There are nearly 50,000 private prison beds in America as

of June 1994, most of them in Texas. In Virginia, Governor

Allen has proposed to build 10,000 new prison beds through

private companies. They're used by state and Federal

governments. The advantage is clear: Private companies don't

have to pay their guards union wages, they don't have to offer

pensions, and they can cut whatever corners they like on the

prisoners. They can also build prisons in localities where the

population opposes them as long as there is no zoning ordinance

against it.

PRIVATE PRISONS

Financing for the private prisons is coming from the top

levels of Wall Street: Goldman Sachs, Prudential Insurance,

Smith Barney, Shearson Lehman and Merrill Lynch are among those

competing to underwrite prison construction with private tax-

exempt bonds. Some of the big defense contractors, including

Westinghouse, are also entering the prison business.

The way inmates are typically handled in private prisons

is not what the average American might expect. They are

degraded and often forced to undergo intense brainwashing

sessions which are designed to pacify and detoxify the inmates

and make them suitable for labor.

In addition to private companies which profit from

building prisons and running them for the state or county --

charging per diem for each prisoner they keep -- there is a

booming business inside state prisons akin to what Unicor is

for federal prisons.
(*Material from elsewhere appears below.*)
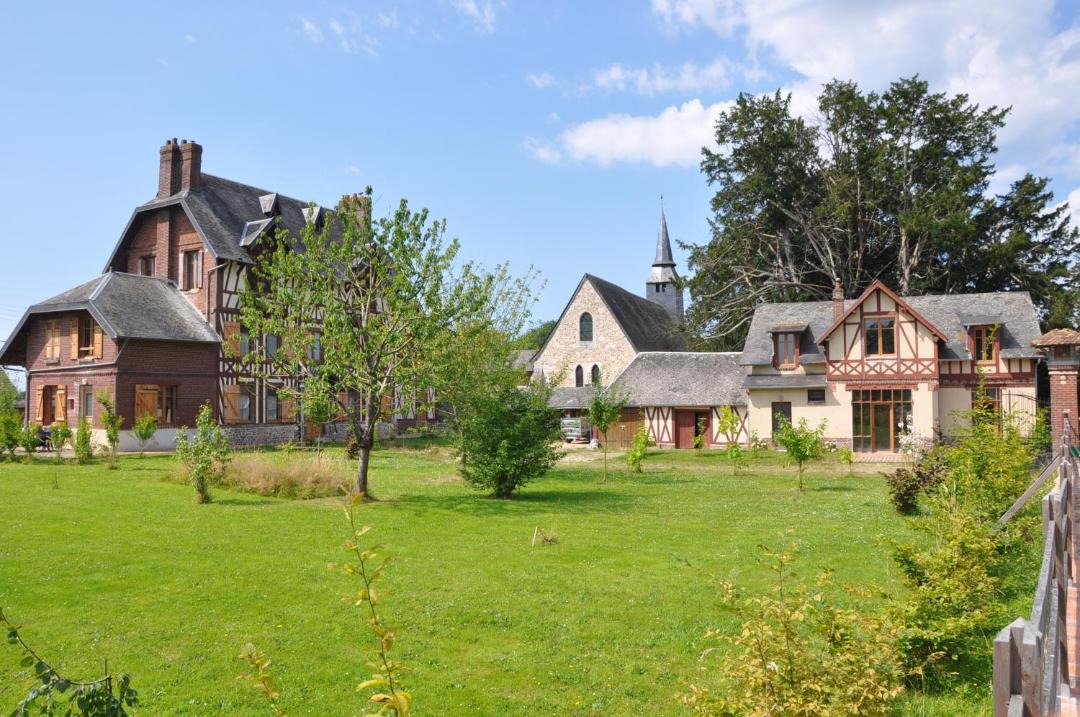 Photo of Buildings in La Haye-de-Routot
Here you see some examples of what is

being produced in privately-run industries inside state

prisons.

California -- logos for Jerry Garcia band and Lexus autos.

Hawaii -- Macadamia nuts; Spaulding golf balls.
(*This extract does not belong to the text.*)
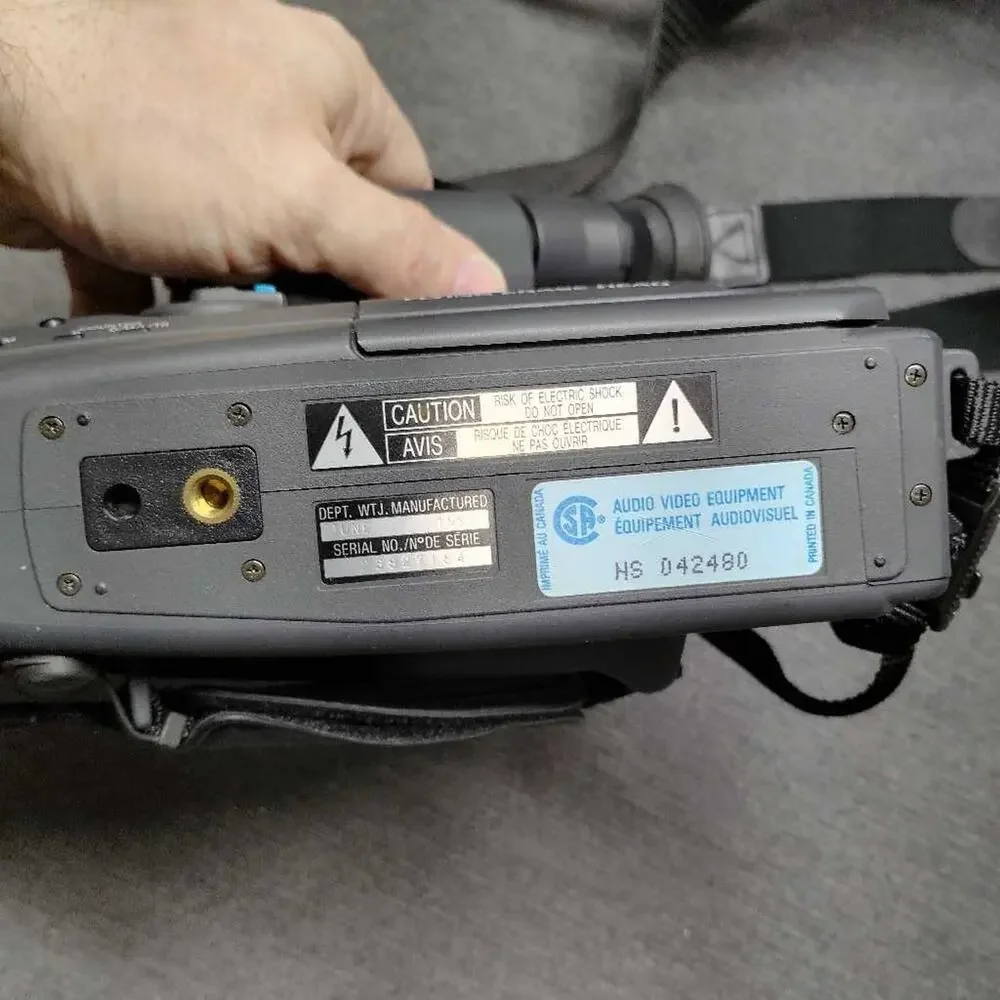 Magnavox easycam cvr610a01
Maryland -- Modular houses, processed hot dogs.

New Mexico -- Hotel chain reservations.

Oregon -- Designer blue jeans called "Prison Blues."

South Carolina -- Electronic cables.

Utah -- AT&T telemarketing. This was stopped by the

Communications Workers of America union in 1993.

Washington -- Eddie Bauer garments (for all you yuppies).

Thirty states have legalized privately-run industries in

their prisons. In most cases, the inmates are paid minimum

wage simply because the labor unions haven't yet been totally

smashed. Like Unicor, however, the average net income to the

prisoner is a dollar an hour.

This, of course, is still significantly higher than the

ten cents an hour that prison maintenance workers routinely

earn. As a result, like the house servants under Southern

slavery, those who can get a job working in private industry

are considered the lucky ones.

THE STING

Now lets turn to the legislation that has created this

potential American Auschwitz.

A look at the effect of the so-called War on Drugs

conducted by the Regan and Bush administrations, and their

counterparts in the various states, reveals that between 1980

and 1992, convictions for drug offenses grew from near zero to

100,000 per year. Drug-related convictions now account for

more than 30% of all incarcerations, and, for the most part,

affect only the low-level street peddlers and users. With

mandatory sentencing laws, the rate of incarceration zoomed

from 1980, when only 19 out of 1,000 drug convictions actually

resulted in incarceration, to 1992, when the rate shot up to

104 per 1,000.

Despite this, the drug plague continues to grow. Maybe

that's because the institutions that profit from the drug trade

are the same ones that finance the prison-building industry.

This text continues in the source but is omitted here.